LTM Research and Development (R&D) Expense % Rev
Early on, I love to see companies operating expenses dominated by R&D. It shows the company is heavily investing into a product that is hard to replicate. Once businesses start to hit $5M - $10M in ARR is when the R&D starts to flip to S&M as the go-to-market functions kick in. Typically companies land at R&D costs taking up 25-30% of revenue. The interesting callout here is how little both Zoom and Zoominfo spend on R&D.
LTM General and Administrative (G&A) % Rev
G&A costs should stay relatively constant as a percentage of revenue. In my opinion anything >30% starts to be too high.
Wrapping Up
This has been a very data intensive post with a number of key points throughout, so I wanted to summarize everything below. As a general rule of thumb, and in order to have the most successful IPO, as a founder / CEO I would target the median metrics in each category as my IPO Goals. I’ve included my own take on the minimum (maximum for payback and expense ratios) thresholds for each category as well.

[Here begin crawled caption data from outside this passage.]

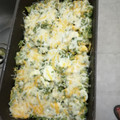 El cooksnap de Mamen cuando hizo Brócoli gratinado.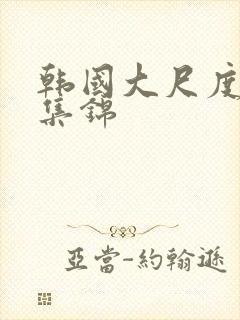 韩国大尺度电影集锦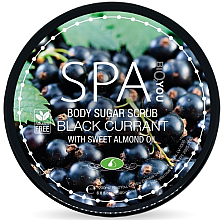 Cukrowy peeling do ciała Czarna porzeczka - Bio2You Body Sugar Scrub — Zdjęcie N1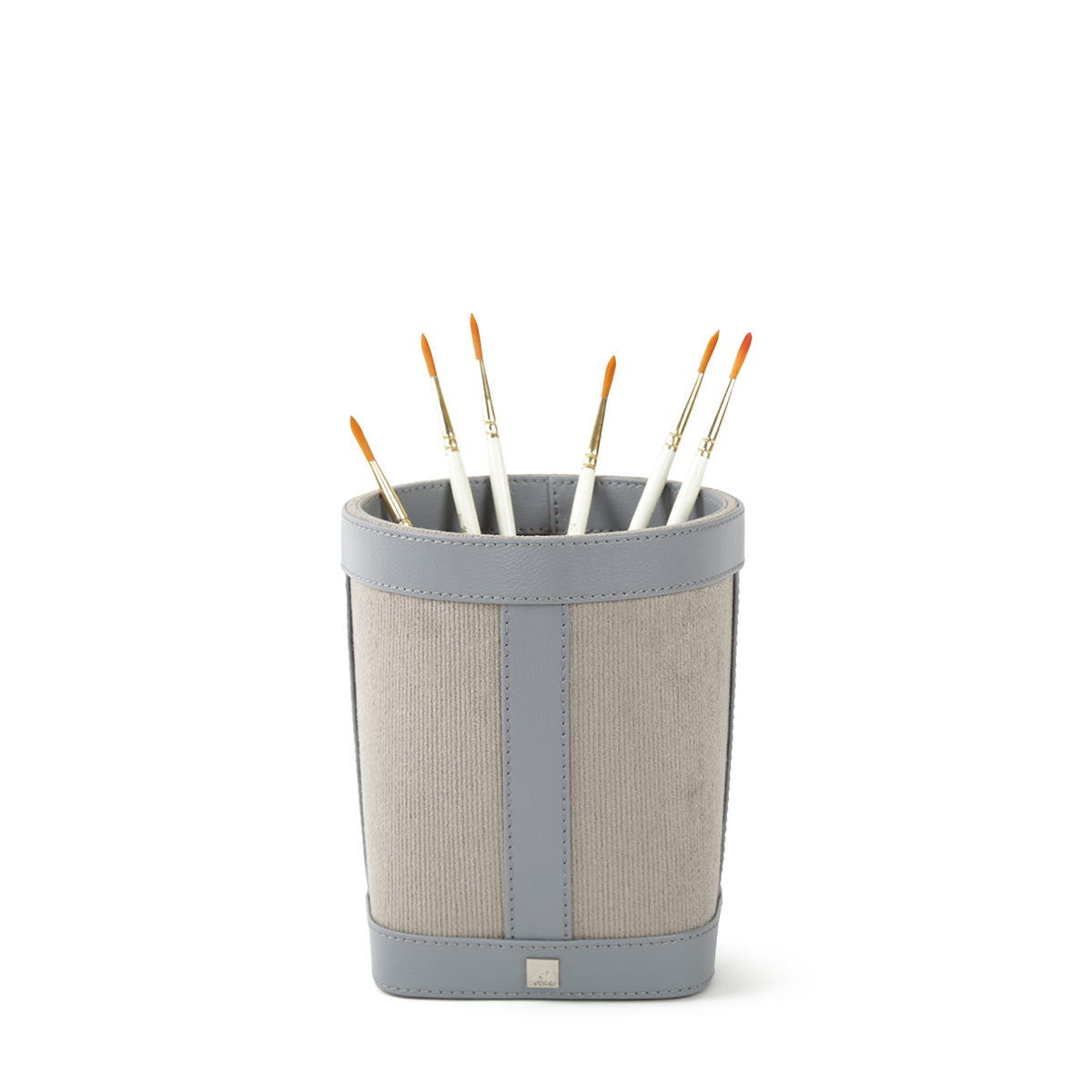 Genial Soft Medium Grey Dry Waste Basket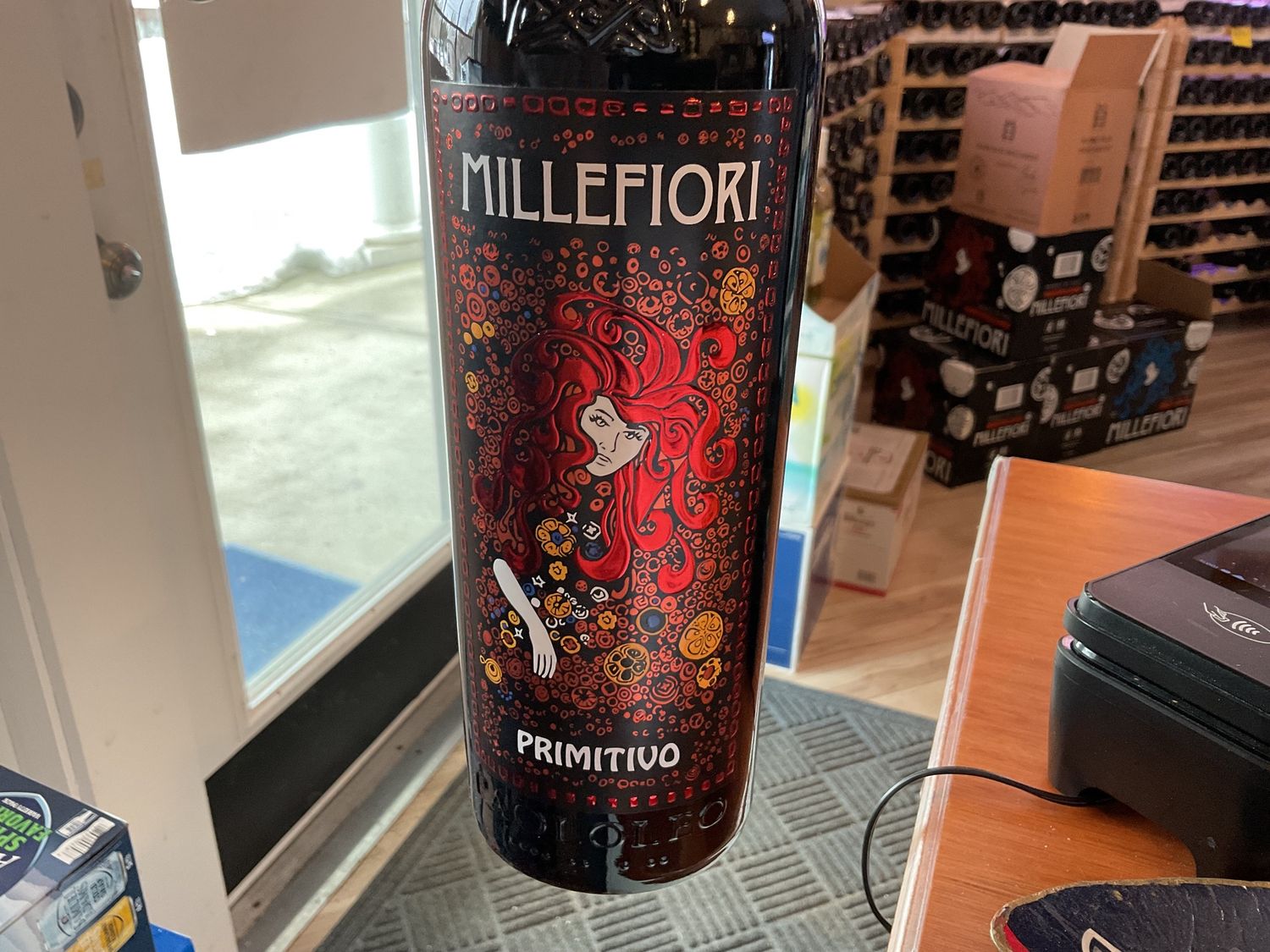 MILLEFIORI PRIMITIVO 750ml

Next week I’ll publish part 2 that dives into the actual process of an IPO itself. Among other things, I’ll discuss how much money companies raise through IPOs, at what dilution, and go deep on the controversial topic of an “IPO pop” and how bankers price IPOs.
Thanks for reading!
Interesting breakdown of the journey to becoming a public company. What do you think is the most critical factor in this process? visit also https://www.thesaastalk.com/
Nice write up Jamin! I was wondering if there was a source from where I could arrive at the LTV or ACV of various publicly listed SaaS companies. I have been trying for sometime now but Gross Retention data seems hard to find.